New York juries are often loath to impose the death penalty, even for terrorists.
In fact, a jury here spared the lives of two Osama bin Laden followers a month after Sept. 11, while the World Trade Center's ruins were still smoldering.
Now comes a case unlike any other: the trial of professed 9/11 mastermind Khalid Sheikh Mohammed, accused of murdering nearly 3,000 people in the nation's deadliest terrorist attack.
"If there was any case where a New York jury would impose the death penalty, this is it," said James Cohen, a law professor at Fordham University.
Nevertheless, a jury might steer clear of the death penalty -- not out of any opposition to capital punishment, but out of fear of making a martyr out of Mohammed.
"We don't care about capital punishment," he said earlier this year at a Guantanamo Bay military hearing. "We are doing jihad for the cause of God."
Ephraim Savitt, a veteran New York lawyer who works on death penalty cases, said that if he were Mohammed's attorney, he would try to save the man's life by telling the jury, "You'll make a shahid out of him. Don't allow him to get what he wants." Shahid means martyr.

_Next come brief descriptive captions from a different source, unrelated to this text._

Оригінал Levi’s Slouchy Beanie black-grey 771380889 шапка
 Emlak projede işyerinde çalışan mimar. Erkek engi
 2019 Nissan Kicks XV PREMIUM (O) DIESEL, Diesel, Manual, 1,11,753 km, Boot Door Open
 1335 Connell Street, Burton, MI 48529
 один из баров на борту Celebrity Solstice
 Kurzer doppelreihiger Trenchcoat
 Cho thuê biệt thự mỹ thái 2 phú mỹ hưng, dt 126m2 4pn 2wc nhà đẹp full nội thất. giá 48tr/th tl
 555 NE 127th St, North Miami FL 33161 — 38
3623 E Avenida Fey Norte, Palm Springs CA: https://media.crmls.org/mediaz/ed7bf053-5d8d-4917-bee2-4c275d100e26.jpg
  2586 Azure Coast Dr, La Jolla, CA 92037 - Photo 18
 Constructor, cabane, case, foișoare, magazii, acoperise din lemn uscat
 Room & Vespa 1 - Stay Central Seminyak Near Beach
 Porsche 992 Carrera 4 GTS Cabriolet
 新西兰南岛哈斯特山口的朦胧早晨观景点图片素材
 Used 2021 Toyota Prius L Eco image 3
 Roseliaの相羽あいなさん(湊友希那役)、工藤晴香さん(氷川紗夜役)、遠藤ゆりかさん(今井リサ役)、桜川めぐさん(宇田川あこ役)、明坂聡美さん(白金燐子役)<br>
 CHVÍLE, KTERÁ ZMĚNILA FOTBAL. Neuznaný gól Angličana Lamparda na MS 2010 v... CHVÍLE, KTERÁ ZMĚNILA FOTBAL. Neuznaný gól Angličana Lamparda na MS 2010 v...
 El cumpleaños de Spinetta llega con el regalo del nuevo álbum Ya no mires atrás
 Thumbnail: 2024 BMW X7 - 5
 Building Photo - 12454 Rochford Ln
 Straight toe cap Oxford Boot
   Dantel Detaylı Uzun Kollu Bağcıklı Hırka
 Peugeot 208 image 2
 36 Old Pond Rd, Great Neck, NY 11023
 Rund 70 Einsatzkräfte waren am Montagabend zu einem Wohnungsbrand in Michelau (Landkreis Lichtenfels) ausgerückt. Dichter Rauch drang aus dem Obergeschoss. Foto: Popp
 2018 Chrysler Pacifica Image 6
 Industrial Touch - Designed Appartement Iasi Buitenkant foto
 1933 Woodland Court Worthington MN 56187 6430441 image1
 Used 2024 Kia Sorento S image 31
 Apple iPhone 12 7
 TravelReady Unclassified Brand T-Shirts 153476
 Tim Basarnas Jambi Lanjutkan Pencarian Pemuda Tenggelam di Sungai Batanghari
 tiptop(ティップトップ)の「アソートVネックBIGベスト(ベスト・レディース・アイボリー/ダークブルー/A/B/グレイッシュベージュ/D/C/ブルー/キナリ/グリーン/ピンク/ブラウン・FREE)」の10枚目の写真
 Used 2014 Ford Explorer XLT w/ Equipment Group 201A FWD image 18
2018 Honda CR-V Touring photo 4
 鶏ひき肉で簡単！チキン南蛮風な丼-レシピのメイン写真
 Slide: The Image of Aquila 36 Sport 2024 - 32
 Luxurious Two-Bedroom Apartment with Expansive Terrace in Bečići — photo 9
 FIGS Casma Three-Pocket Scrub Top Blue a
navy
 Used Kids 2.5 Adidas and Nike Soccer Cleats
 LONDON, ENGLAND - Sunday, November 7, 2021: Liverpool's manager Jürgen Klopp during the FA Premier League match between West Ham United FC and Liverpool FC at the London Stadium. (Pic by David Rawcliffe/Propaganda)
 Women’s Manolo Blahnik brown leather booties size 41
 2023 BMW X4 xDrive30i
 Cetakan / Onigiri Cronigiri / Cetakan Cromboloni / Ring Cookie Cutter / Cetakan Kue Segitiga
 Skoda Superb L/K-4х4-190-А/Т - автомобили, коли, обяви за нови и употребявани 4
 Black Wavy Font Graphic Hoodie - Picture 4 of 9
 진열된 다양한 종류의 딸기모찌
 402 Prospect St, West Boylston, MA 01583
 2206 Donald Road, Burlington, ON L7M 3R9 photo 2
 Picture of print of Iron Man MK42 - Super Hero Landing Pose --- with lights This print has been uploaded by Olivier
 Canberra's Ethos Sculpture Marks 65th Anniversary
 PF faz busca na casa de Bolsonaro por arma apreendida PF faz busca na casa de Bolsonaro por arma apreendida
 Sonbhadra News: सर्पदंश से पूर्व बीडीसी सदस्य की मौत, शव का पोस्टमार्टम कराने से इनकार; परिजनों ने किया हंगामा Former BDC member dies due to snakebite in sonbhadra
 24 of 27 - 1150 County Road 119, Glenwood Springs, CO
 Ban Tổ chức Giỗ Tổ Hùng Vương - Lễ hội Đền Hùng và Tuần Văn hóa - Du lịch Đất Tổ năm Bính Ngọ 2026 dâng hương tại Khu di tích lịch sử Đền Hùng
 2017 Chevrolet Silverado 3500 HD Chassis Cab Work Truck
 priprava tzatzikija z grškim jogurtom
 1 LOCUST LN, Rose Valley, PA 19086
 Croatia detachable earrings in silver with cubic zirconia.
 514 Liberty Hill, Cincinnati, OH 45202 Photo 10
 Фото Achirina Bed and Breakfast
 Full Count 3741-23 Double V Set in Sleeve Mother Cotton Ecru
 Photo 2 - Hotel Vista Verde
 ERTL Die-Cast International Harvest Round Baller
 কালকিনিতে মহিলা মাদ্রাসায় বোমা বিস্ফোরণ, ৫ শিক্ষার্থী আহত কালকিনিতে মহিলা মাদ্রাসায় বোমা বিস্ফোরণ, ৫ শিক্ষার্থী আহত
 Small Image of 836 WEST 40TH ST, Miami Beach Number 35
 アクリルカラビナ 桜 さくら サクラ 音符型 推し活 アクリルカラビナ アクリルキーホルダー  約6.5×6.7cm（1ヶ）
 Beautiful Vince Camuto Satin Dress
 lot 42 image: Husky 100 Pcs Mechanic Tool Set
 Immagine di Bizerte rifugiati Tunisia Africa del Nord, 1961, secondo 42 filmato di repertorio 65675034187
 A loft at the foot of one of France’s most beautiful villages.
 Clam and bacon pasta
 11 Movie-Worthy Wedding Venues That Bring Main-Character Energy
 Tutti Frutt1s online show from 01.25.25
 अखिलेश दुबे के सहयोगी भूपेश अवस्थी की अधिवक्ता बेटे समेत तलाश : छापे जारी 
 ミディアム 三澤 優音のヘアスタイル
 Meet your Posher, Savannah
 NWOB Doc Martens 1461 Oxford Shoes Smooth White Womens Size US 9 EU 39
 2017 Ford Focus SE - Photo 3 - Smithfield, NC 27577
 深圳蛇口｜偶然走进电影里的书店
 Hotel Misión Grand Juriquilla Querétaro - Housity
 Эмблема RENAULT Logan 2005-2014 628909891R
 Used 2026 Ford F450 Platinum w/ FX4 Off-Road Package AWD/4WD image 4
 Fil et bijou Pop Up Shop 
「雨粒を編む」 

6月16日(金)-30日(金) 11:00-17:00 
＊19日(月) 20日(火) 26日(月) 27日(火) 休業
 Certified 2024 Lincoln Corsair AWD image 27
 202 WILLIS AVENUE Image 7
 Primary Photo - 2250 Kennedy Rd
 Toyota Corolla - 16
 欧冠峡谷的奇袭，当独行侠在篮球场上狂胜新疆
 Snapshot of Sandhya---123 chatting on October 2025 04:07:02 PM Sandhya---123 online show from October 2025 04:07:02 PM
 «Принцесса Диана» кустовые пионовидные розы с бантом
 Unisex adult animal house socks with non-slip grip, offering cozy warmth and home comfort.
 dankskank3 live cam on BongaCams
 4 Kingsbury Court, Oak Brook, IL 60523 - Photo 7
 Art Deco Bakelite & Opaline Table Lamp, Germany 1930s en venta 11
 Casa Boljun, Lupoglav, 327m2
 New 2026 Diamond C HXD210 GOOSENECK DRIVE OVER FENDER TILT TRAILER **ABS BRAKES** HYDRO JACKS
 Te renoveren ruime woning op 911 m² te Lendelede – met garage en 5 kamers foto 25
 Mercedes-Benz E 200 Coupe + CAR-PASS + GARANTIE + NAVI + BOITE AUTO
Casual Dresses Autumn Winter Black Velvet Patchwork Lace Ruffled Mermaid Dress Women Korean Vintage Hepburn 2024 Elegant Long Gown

The Justice Department announced last week that Mohammed and four other alleged terrorists would be brought from Guantanamo Bay, Cuba, to New York to face a civilian federal trial in a courthouse blocks from the trade center site.
Despite the city's reputation for liberal juries, death sentences here aren't unprecedented: In 2007, a federal jury in Brooklyn sentenced a man to death for killing two undercover detectives.
But the Brooklyn sentence was the first in New York since cases from the 1950s - including that of Julius and Ethel Rosenberg - when death was automatically imposed upon conviction. There have been no death sentences here since the 2007 case, not even in prosecutions involving ruthless drug kingpins and gruesome killings.
Since the federal death penalty was re-established in 1988, juries nationwide have imposed the ultimate penalty 68 times, compared with 132 life sentences, according to the Capital Defense Network, which supports defense lawyers in such cases.
If a jury convicts Mohammed and the others, it will be asked to decide their punishment in a separate proceeding. If they plead guilty, a jury will be picked just to decide on the penalty.
Experts say Mohammed's eagerness to take blame for the Sept. 11 attacks probably makes a conviction certain in the so-called guilt phase of the trial.
But his apparent determination to be a martyr could factor into a decision to spare him execution by lethal injection - a lesson from the embassy bombings case.
In the penalty phase of that trial, prosecutors used testimony of grief-stricken victims' relatives and survivors of the 1998 bombings of the U.S. embassies in Kenya and Tanzania that killed 224 people, including 12 Americans.
Jurors also saw gruesome scenes of a charred body lying outside a bombed-out embassy entrance and of corpses lining the floor of a morgue - all over the objections of the defense, which called the scenes irrelevant and prejudicial.
The defense argued that prosecutors cut deals with high-ranking terrorists and spared them harsh sentences even though they had greater roles in the plot. Attorneys also called the mother of one of the convicted bombers as a witness to beg for mercy.
"It will hurt," she said as he wept at the defense table. "He's my son."
In the end, it wasn't sympathy that saved him.
Instead, the jury deadlocked after 10 members concluded that executing him could make him a martyr for the terrorist cause. Nine said it would not relieve the victims' pain; four said lethal injection is humane and the victim would not suffer; five believed life in prison would be a greater punishment; and four noted that he was raised in a different culture.
Experts agree that selecting a jury in the Mohammed case will be a long and arduous task. Los Angeles-based jury consultant Philip Anthony said only people who can convince a judge they can set aside their emotions and opinions about Sept. 11 will qualify - not a typical sampling of New Yorkers.
"You're going to have an unusual group of jurors who may not be willing to impose the death penalty," Anthony said.